Freedom of expression, association and public assembly are tightly controlled in Vietnam. The government does not allow independent media and blocks politically sensitive websites. There are also 29 different crimes that can incur the death penalty, which is still practiced. While other Southeast Asian countries have been reviewing their death penalty laws, Vietnam’s continues to be strongly enforced. According to Amnesty International, there are currently 586 people on death row.
Religious freedom remains elusive for minority religious groups such as the Hoa Hao Buddhists, Cao Dai, the Unified Buddhist Church of Vietnam and Falun Gong. Hundreds of political prisoners and other prisoners of conscience remain jailed, among others the famous human rights activist Dr. Cu Huy Ha Vu and the journalist Nguyen Van Hai. As of August Vietnam has prosecuted and imprisoned over 40 dissidents this year, exceeding 2012’s total.
In theory Vietnamese laws provide for the protection of property rights. But enforcement is inconsistent and dispute settlement can be a lengthy process. All land belongs to the state, private ownership is unknown. Private persons can obtain long-term land use rights. The introduction in 2003 of a new land law allowed foreigners to engage in real-estate deals and lease land for 50-70 years. These lease contracts can be renewed. Foreigners who meet certain criteria can own apartments. The 2013 International Property Rights Index ranks Vietnam 91st out of 131 countries. Chief concerns are the legal and political environment and the weak protection and enforcement of intellectual property rights.
Government spending has fallen to 30.3% of GDP (from 33.4%). Progress in privatisation and restructuring of state-owned enterprises has been slow. Tax reforms in 2009 led to decreases in both top income and top corporate tax rates to 35% and 25%, respectively. Other taxes include value added tax and tax on property transfer. The overall tax revenue equals 24.3% of GDP.
The financial sector is expanding and capital markets are slowly evolving. Money lending is mostly done by four big state-owned banks, favouring state-owned enterprises. Regulations and transparency are not in line with international standards. Some comparatively small foreign banks are allowed to operate in Vietnam.
Starting, operating and closing a business are subject to a number of regulations. It takes 34 days and 10 procedures to start a business, according to World Bank data. Starting a business has been made easier by allowing companies to use self-printed VAT invoices. Obtaining a business license requires 11 procedures and 110 days. Bankruptcy procedures are rather slow and complicated.
Vietnam slipped to rank 99 in the World Bank’s 2013 Doing Business report (from position 98 in 2012 and position 90 in 2011). However, administration has improved in a growing number of provinces, meaning that in some cases a business license may be obtained in as little as seven days.
Labour regulations are inflexible. The non-salary cost of hiring a worker is moderate, but firing an employee is difficult. Informal labour activities are widespread.

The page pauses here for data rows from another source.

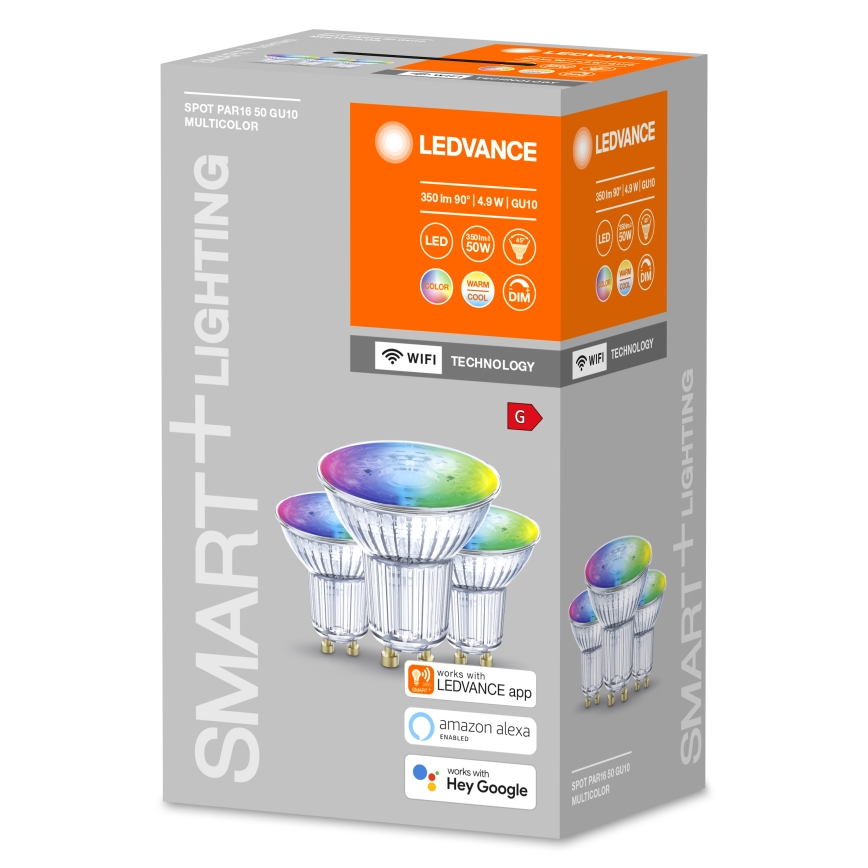 SET av 3 Dimbar RGBW LED-lampa SMART+ GU10/4,9W/230V 2700–⁠⁠6500 K –⁠ Ledvance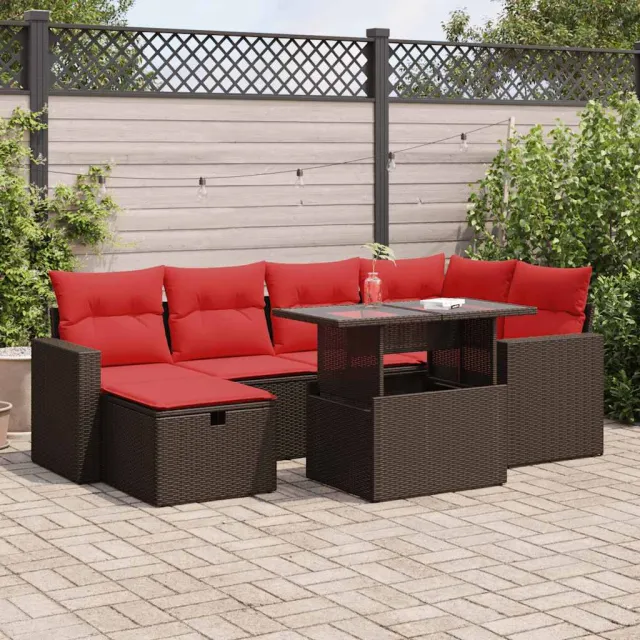 vidaXL 7-delige Loungeset met kussens poly rattan acacia bruin, foto 2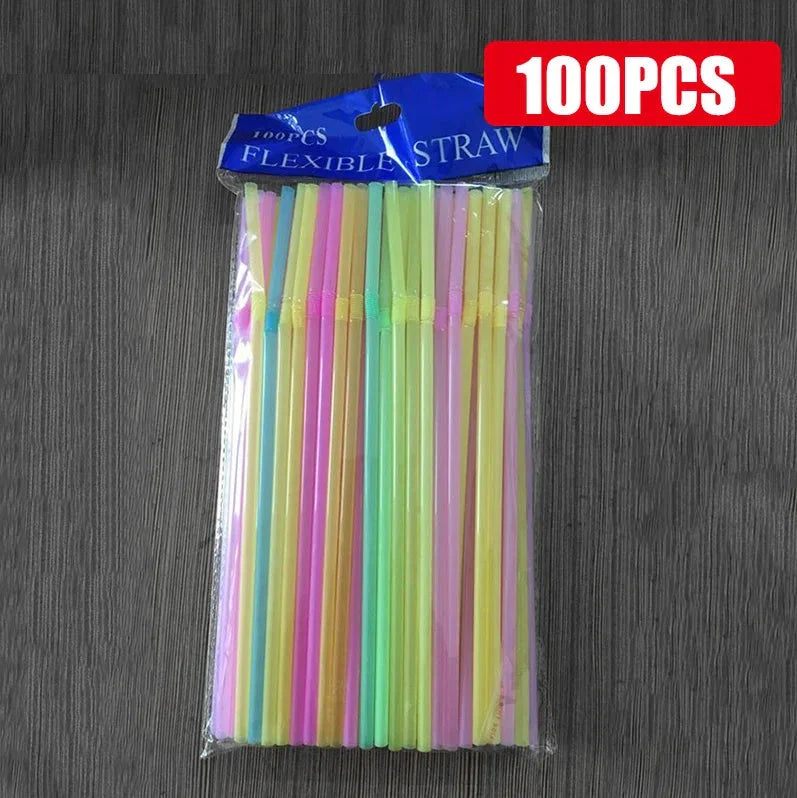 50-1000Pcs Multicolor Drinking Straws – Milk Tea & Party Supplies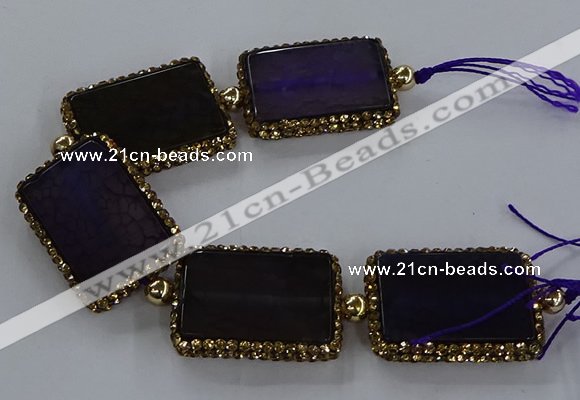 CNG2872 7.5 inches 25*35mm rectangle agate gemstone beads wholesale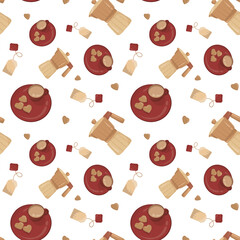 Seamless pattern with coffee cups, moka pots, and small cozy details. Perfect design for backgrounds, packaging, or cafe-themed products.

Vietnam’s weighted average tariff rate is 5.7%. The liberalisation of trade was marked by several events: the country’s entry into ASEAN in 1995 and into the Asia-Pacific Economic Cooperation in 1998; the conclusion of a bilateral trade agreement with the United States in 2000, which granted Vietnam favoured nation status; and its entry into the WTO in 2007. Its ASEAN membership has led to a sharp reduction of tariffs on imports from other member countries. But import bans and restrictions on some products, import taxes and licensing requirements, opaque regulations, inadequate enforcement of intellectual property rights, corruption and customs inconsistencies limit the gains from international trade.